By the second half of the 1880s the Broadway blocks below Union Square filled with retail stores and shops.   The end of the line had come for Dodworth’s Hall.  In 1887 the architectural firm of Renwick, Aspinwall & Russell designed a store, office and loft building for the site. 

Completed the following year, it intentionally melded with the Grace Church complex.  Five floors of beige brick sat on a cast iron and brownstone base.  Exuberant terra cotta Gothic Revival details, pointed arches and corbels combined in a stately, nearly ecclesiastical structure.  The side wall, which would have been blank in nearly any other midblock location in the city, was as decorated as the Broadway façade, forming a romantic northern enclosure for the Grace Church lawn.

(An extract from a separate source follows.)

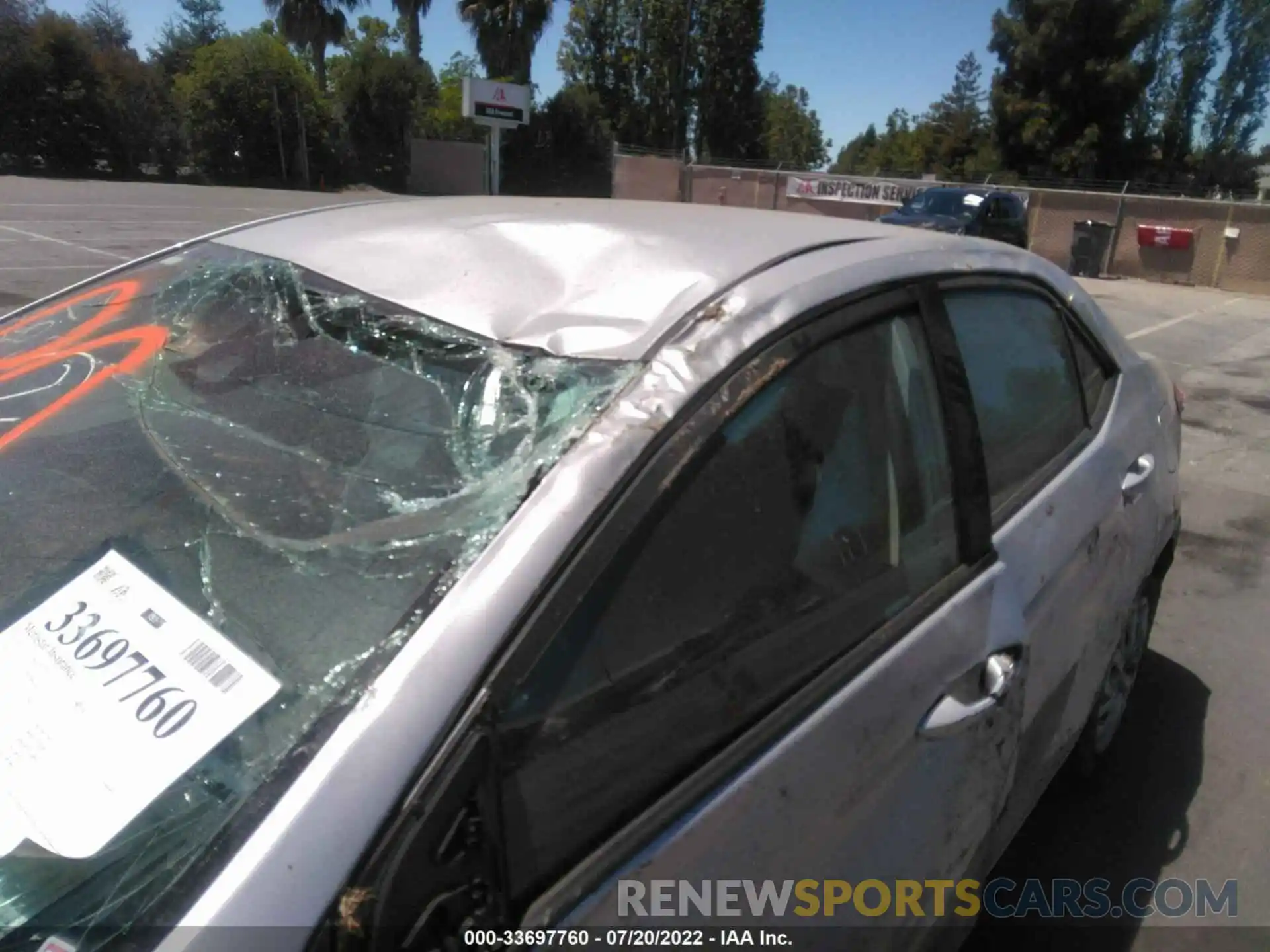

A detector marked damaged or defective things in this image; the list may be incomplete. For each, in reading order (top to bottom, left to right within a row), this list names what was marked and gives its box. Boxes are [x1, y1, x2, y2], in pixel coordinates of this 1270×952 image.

shattered windshield [0, 243, 640, 949]
damaged car roof [210, 198, 960, 360]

The building quickly filled with a variety of tenants.   On January 1, 1888 Robert K. Davies & Co., importers and manufacturers “of men’s furnishing goods,” moved in.  The firm, originally named John M. Davies & Co., had been started around 1850 by John M. Davies, who died in 1871 leaving an estate of more than $1.3 million.  When John M. Davies, Jr. died in 1887, the surviving son Robert carried on the business.

On April 20, 1890 The New York Times reported on the newly-formed American Book Company.   The result of a merger of four of the largest school book publishers in the country—Ivisen, Blakeman & Co., A. S. Barnes & Co.,  D Appleton & Co. of New York, and Van Antwerp, Bragg & Co. of Cincinnati—it now took space in the Broadway building.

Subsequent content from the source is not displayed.